WORK INSTRUCTIONS
Copy out the lines of the records below, and only those lines, from the one with "CAPPS efforts in biovalidation of processes" through the one with "How To Draw A Vampire Bat Prepare For Halloween Youtube", exactly as they appear.

GIVEN INFORMATION

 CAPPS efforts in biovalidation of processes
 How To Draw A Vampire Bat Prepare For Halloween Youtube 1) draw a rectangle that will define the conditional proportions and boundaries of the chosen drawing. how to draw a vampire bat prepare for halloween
==
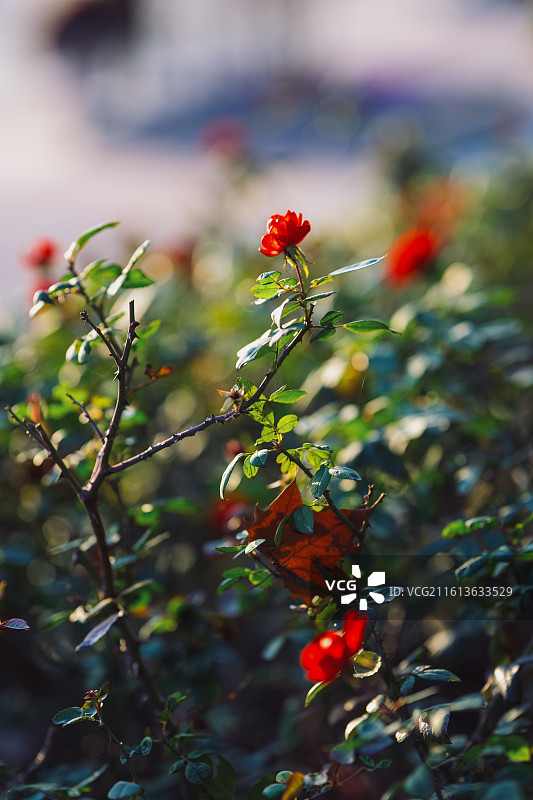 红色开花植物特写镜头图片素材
---
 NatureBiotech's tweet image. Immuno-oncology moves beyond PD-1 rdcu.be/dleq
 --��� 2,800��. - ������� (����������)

TASK RESULT
 CAPPS efforts in biovalidation of processes
 How To Draw A Vampire Bat Prepare For Halloween Youtube 1) draw a rectangle that will define the conditional proportions and boundaries of the chosen drawing. how to draw a vampire bat prepare for halloween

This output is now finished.